A toast by the youngest was something new in Saul’s experience, and he decided it must be a Greek custom on some special occasion. Timothy, who had never dissembled before, turned very red. He began to stammer, gazing at Saul. “I believe there are five whom we may baptize,” he said. The little cup in his hand trembled. Saul smiled at him kindly. “I spoke to at least six score,” he said, “but let us be happy for the smallest harvest, for these Greeks are very slippery men, indeed.”
Timothy saw, out of the corner of his eye, that Lucanus had deftly dropped something in the whiskey before Saul. He murmured, trying to smile, “But Lucanus is a Greek, and so was my father, may he rest in peace.”
“I regret my stupid remark,” said Saul. He looked with distaste at the whiskey, began to put it beside the hand of Lucanus, but Lucanus said, “What! Are you refusing to drink this nectar with me? If I remember rightly you
and I enjoyed such whiskey on board a certain vessel long ago. Drink, my dear friend. I command it. It is only courtesy.”
“I do not dislike it,” said Saul. “I grimace as a habit, a foolish one, implying to others that meat and drink are beneath me,” and he laughed loudly and roughly, like a boy, and others at a distance, hearing, turned and stared at him, then laughed also, for it seemed to them that Saul must be drunk. In their turn Timothy and Lucanus forced themselves to laugh, not entirely without true mirth, for Saul’s ridicule of himself was disarming. He drank the whiskey, looked down into the cup and said, “This does not taste like Syrian whiskey, as that rascal averred. It was probably illegally distilled somewhere in the hills of Macedonia and the Roman customs stamp forged.”
“A merry practice of my countrymen—forgery,” said Lucanus. He poured another cup for Saul who drank it and said, “It improves.”
“I have observed that about whiskey,” said Lucanus. “Ah, here is the wine. Let us taste it and see if it is as promised.” The innkeeper, with many gestures, wiped the inside of the cheap glass goblets with a fairly clean cloth and poured the wine as if pouring a libation on an altar, and the others watched, fascinated.

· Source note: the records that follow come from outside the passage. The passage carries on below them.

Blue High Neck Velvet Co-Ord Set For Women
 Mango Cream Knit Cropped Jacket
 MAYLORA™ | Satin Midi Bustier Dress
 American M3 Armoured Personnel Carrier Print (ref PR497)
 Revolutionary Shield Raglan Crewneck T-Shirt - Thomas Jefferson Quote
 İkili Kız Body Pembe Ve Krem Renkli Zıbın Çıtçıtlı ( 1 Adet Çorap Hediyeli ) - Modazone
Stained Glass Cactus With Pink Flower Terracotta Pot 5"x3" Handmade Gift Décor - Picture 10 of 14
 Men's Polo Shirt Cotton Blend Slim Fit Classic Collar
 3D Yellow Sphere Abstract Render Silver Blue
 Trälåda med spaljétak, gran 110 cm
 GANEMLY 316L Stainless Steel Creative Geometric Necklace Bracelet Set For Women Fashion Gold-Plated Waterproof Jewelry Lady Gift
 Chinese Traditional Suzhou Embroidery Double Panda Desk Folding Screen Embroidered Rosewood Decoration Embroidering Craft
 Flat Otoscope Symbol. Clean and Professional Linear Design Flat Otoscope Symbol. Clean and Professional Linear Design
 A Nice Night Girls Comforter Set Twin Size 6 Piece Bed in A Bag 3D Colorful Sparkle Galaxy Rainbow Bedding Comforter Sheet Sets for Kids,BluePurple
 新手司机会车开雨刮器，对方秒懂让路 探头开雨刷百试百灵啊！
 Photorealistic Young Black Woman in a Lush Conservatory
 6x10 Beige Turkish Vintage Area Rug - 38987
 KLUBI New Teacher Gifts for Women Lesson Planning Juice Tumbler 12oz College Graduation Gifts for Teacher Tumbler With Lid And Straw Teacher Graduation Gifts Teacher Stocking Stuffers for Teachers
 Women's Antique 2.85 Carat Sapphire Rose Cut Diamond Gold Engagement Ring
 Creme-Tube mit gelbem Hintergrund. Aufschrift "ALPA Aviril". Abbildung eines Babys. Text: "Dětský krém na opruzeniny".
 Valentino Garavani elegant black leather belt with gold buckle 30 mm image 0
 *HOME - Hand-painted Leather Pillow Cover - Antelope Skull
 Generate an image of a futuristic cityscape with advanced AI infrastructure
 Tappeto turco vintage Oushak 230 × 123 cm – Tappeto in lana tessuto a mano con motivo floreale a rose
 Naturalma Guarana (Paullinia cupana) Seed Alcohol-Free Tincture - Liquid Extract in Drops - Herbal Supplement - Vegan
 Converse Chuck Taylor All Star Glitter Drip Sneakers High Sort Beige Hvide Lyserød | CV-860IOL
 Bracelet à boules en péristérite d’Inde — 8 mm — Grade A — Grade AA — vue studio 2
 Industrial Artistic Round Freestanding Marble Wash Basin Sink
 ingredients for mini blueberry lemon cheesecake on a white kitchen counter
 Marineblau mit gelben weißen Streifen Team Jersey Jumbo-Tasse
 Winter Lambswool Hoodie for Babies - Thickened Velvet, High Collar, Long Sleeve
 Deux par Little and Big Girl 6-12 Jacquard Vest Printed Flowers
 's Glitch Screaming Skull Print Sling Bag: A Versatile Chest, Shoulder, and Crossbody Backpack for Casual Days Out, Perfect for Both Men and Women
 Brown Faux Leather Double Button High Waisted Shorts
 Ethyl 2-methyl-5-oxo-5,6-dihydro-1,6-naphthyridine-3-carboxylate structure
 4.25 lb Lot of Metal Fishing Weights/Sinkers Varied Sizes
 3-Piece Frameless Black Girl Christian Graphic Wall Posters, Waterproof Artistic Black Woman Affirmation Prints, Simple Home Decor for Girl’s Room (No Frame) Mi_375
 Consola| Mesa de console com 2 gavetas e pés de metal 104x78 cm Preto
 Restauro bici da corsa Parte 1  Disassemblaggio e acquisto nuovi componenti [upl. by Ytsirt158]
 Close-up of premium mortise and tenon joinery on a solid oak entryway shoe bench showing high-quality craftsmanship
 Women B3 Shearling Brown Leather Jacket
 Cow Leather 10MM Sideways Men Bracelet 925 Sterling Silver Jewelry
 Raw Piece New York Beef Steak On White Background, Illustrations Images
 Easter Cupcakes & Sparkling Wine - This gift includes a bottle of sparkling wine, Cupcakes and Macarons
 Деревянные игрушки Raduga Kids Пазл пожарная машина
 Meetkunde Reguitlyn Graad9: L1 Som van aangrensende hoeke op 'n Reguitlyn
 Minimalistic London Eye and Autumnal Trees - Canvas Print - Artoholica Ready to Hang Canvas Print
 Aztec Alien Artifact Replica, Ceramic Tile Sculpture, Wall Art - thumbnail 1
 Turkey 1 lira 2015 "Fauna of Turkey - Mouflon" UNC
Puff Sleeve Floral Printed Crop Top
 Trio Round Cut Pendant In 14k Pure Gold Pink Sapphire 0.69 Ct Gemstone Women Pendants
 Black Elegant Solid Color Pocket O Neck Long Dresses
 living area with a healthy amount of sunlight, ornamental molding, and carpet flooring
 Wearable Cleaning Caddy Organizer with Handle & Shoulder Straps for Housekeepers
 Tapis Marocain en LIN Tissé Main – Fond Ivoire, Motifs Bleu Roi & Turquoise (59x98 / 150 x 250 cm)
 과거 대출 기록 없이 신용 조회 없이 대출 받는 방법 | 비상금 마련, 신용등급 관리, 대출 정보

The wine, though hardly Bacchian, was tolerable, and the dinner, though hardly Lucullan, was not to be despised. Timothy observed that Lucanus magically dropped another pellet into the wine at Saul’s hand, when Timothy asked a question of the physician and Saul looked intently at him, for the question was clumsy. Saul ate sparingly, as usual, but he drank more copiously and now a deep flush was on his face and his blue eyes opened wider as if the lids had relaxed. He said, “Lucanus, you have not told me what has brought you here, not where you have traveled, for I have not had a letter from you for over a year.”